Presumably—although Cobain doesn’t say so—the MI5 document and German letter were part of the same effort that led to the compilation of the document described by Cobain.

I’d like to know how this effort is related to the Proliferation Security Initiative (PSI) efforts to “develop and share national analyses of key proliferation actors and networks, their financing sources, and other support structures …” (more)

Comments

  1. JS Narins (History)

    Although I certainly know who Udo Ulfkotte is, there might be someone reading your blog who doesn’t know, but who is to shy to ask “Who is Dr Udo Ulfkotte?”

    [I added a link … ACW]

  2. David Isenberg (History)

    Not very impresive. To explain why I have embedded my comments in brackets [ ] below. They refer to various passages of the text, which I have not included, but you can easily figure it out by reading the article.

    [How do we know Iran has been successful? Below the article states, “The assessment declares that Iran has developed an extensive web of front companies, official bodies, academic institutes and middlemen dedicated to obtaining – in western Europe and in the former Soviet Union – the expertise, training, and equipment for nuclear programmes, missile development, and biological and chemical weapons arsenals.” Developing a network and successfully obtaining are two different things.

    Plus, Iran long ago developed networks of front companies to enable it to supply its conventional forces, dating back to the war with Iraq, after the overthrow of the Shah. One thing about a black market network is that it is ecumenical, it will work on fulfilling whatever order comes its way. It doesn’t necessarily mean it will be successful.

    Besides, haven’t all the rightwingers been saying for a couple of years now that Iran already has everything it needs to make nuclear weapons? If this article is to be believed then the conventional wisdowm is wrong, which means, of course, as you already realize, that this assessment could be wrong also.

    [Import requests and acquisitions are not the same thing. How much of one and how much of the other were actually gained or registered? Even if something was actually procured can we be sure it was actually going to to a nuclear weapons program or associated missile? Perhaps it was a dual purpose item and someone is assuming it would go to a nuclear program.]

    [Only 55pp, for an assessment covering Syria, Pakistan, North Korea, and possibly other countries/regions, as well as Iran? Doesn’t sound that detailed to me.]

    [Exactly. The west is frustrated that it has not been able to rein the Iranian program in, so why not leak a report intimating scary things re the Iranian nuclear program?]

    [Expertise, training and eqpt. for biological weapons?
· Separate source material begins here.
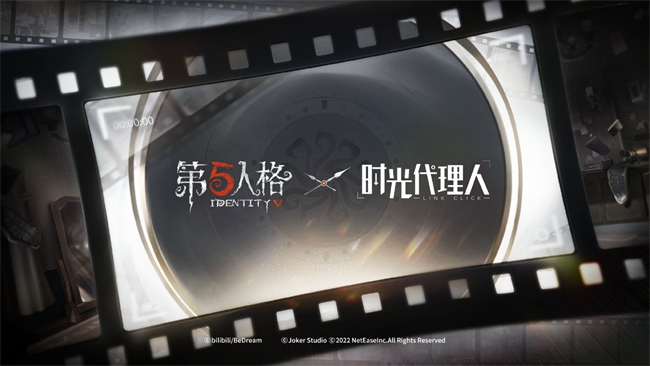 潛越時光之旅 《第五人格》×《時光代理人》聯(lián)動活動正式開啟！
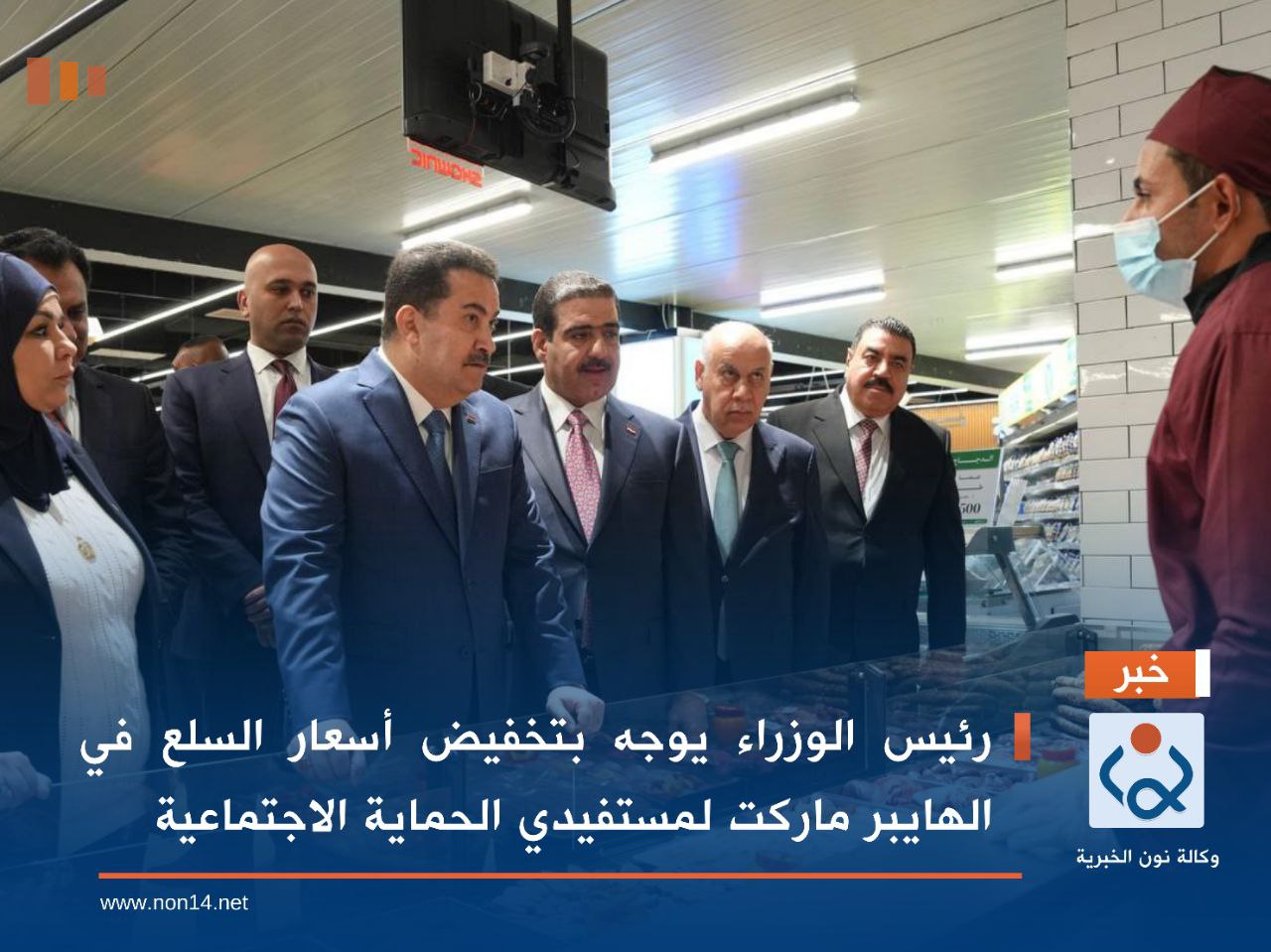 رئيس الوزراء يوجه بتخفيض أسعار السلع في الهايبر ماركت لمستفيدي الحماية الاجتماعية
A lot easier said than done. If Iraq showed us anything it is that developing usable biological weapons was a lot harder than anybody thought.]

    [And why wouldn’t it? It’s military is woefully inadequate, despite all the publicity about its modernization. Just look at the cargo planes that crashed last year].

    [Are they all involved in the overseas network, or are some of them just doing research, like any other company in the world, that is part of a military industrial complex?]

    [And so what? Does anyone seriously think that Iran is going to nuke a European country? The worst you can say is that Iran seeks to prevent the Europeans from joining in a military coalition that would attack, or worst case, invade, Iran. Paranoid, you say? There were probably some Iraqis who felt the same prior to 2003.]